Climbing Magazine followed up two days later with this article about the closure of The Zoo. This is the property across the stream from Hop’s and has been a climbing favorite since the 1980s. It’s also home to some beautiful sandstone cliffs and a rarity - three stacked arches.

The Zoo is privately owned property, but public access had been permitted until recently. When the landowner was asked about the closure, she responded:

“I closed it because of erosion around the bottom of the cliff, illegal camping, no upkeep on trails, and continued installation of climbing bolts and screws on fragile sandstone cliffs. I resent the climbers’ sense of entitlement—that they can climb anywhere and do anything to private property without permission and leave it a mess. There are plenty of places to climb in this area.”

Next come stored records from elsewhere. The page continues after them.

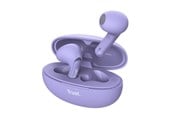 Słuchawki, zestaw słuchawkowy - Trust Yavi Bluetooth ENC - Purple - 25299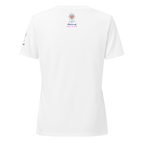 Kissing in London Women’s relaxed v-neck t-shirt - Alivwood
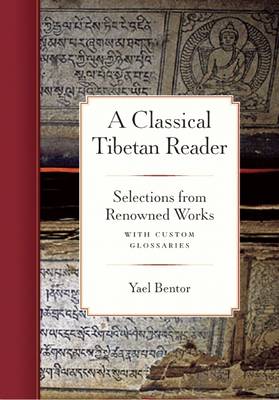 A Classical Tibetan Reader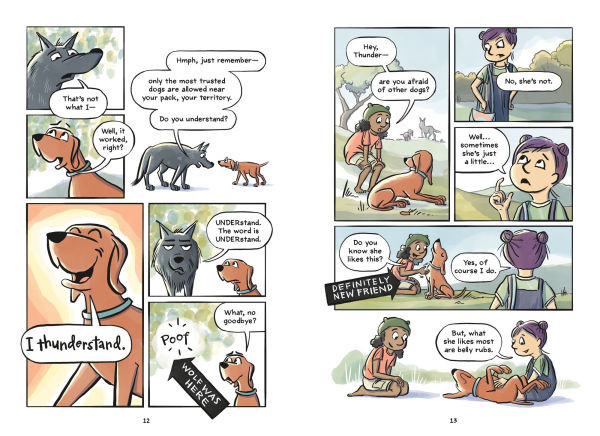 Wagnificent: A New Dog the Den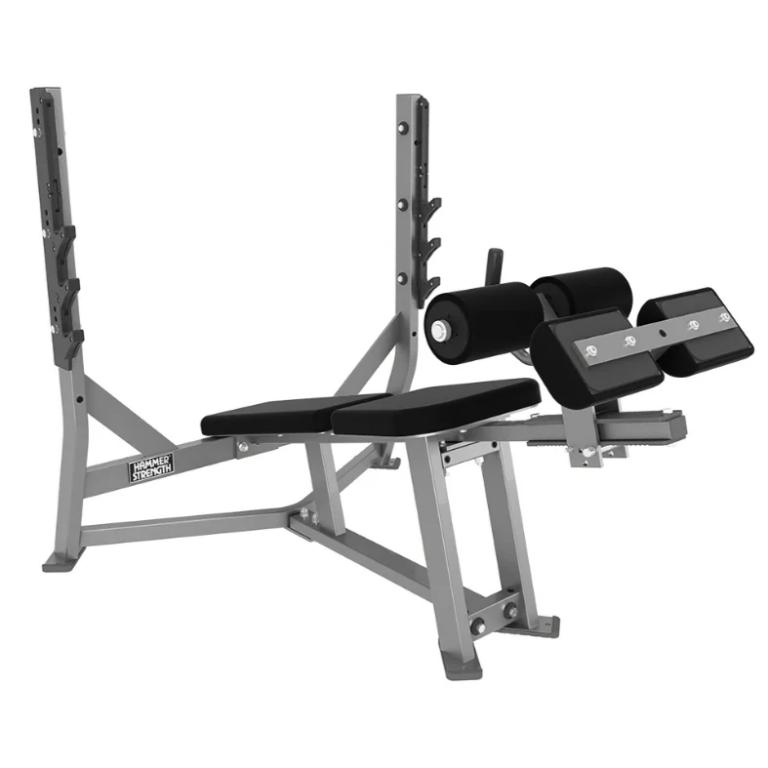 美国悍马 Hammer Strength 下斜推胸 Olympic Decline Bench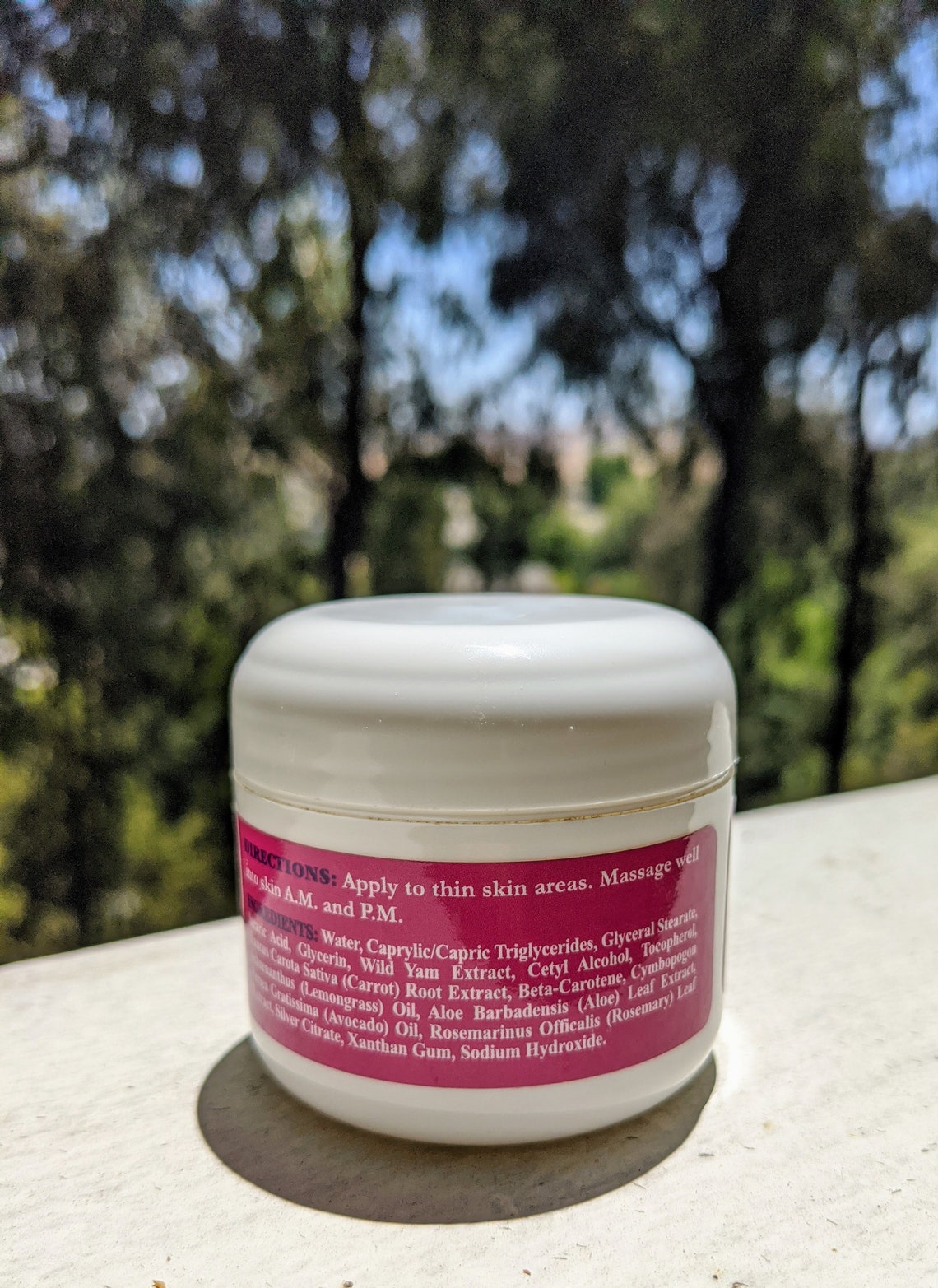 Happy PMS Moisturizing Body Cream Plant-based Ingredients | Etsy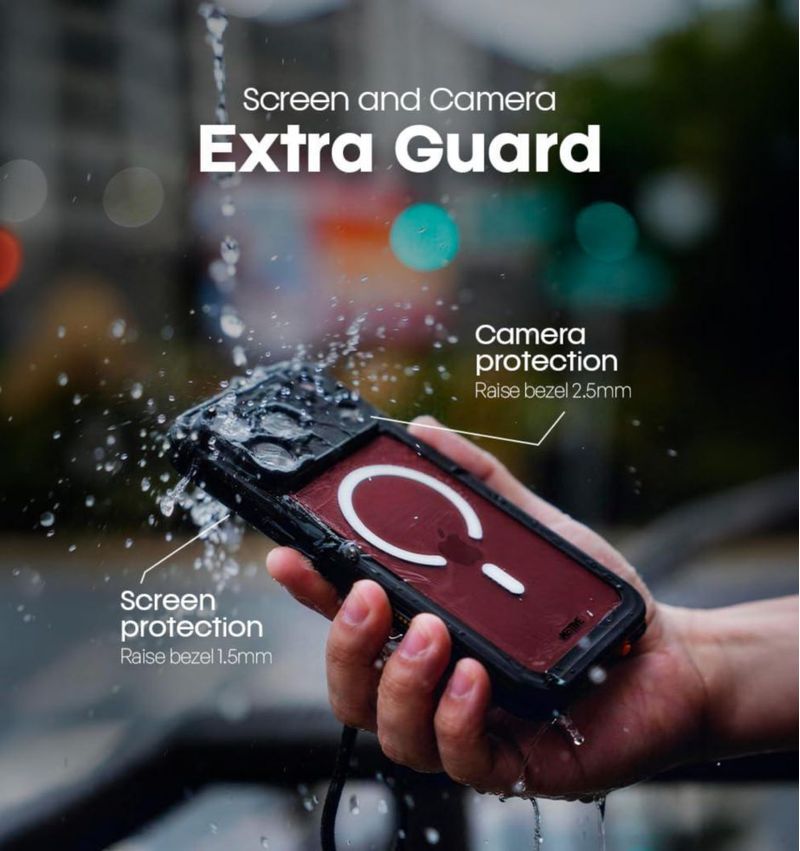 Funda MOTIVE para iPhone 18 Pro Max 6.9" Impermeable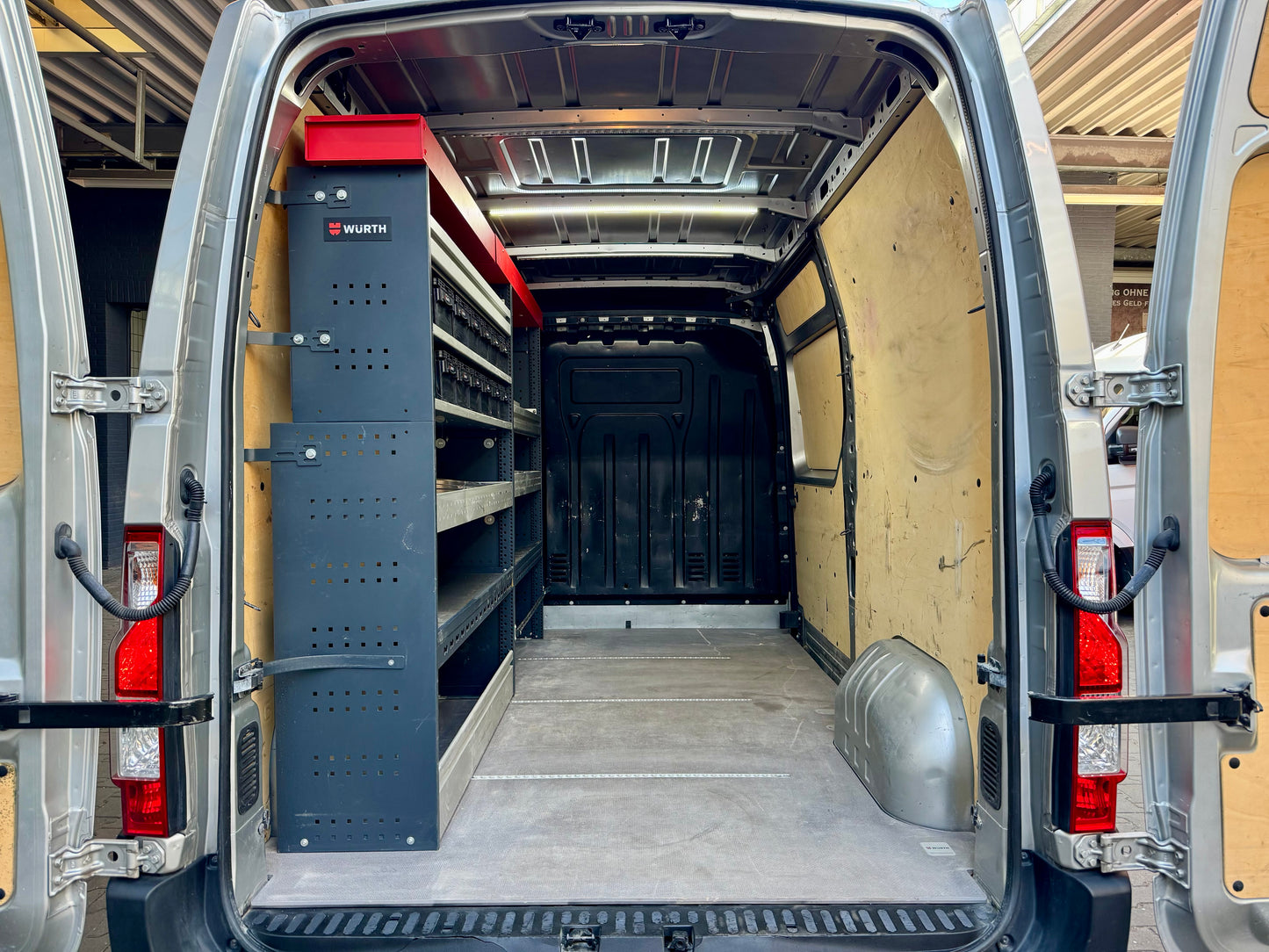 Renault Master 2.3 dCi L2H2 3STZ KLIMA REGALE WÜRTH CAM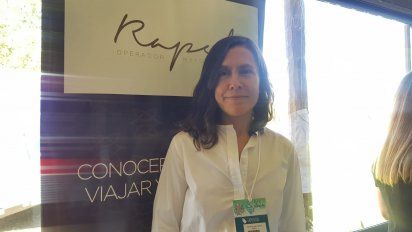 Patricia Johansen, encargada del área Operaciones de Rapel Turismo.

Meanwhile, part of the comments section on Instagram:

“Yeah gotta love the principle of someone out here just owning nature” -hotboysheff

“These beautiful lands shouldn’t even be allowed to be privately owned” -patrickhowebowen

“What a jerk” -marissa_maven

“What a selfish douche” -camilles.world

I find comments like these full of brain worms. The reason for the closure is the fact that some visitors were not good stewards of the land, and more to the point, on balance, visitors were using the land without doing enough to offset the negative impacts.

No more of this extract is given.